■ WORK TO BE COMPLETED
Retype, word for word, every line from the one holding "놋쇠 이글 후크 지갑 체인 키체인 액세서리" through the one holding "15 Most in Demand" in the entries below, both included, and only those lines.

■ MATERIAL FOR THE TASK
_____

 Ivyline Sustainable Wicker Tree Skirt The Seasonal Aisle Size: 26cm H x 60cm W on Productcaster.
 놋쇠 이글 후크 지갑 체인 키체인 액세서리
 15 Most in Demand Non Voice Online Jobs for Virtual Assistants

_____

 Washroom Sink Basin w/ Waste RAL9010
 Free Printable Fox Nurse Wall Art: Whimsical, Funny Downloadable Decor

_____

■ ANSWER SECTION
 놋쇠 이글 후크 지갑 체인 키체인 액세서리
 15 Most in Demand Non Voice Online Jobs for Virtual Assistants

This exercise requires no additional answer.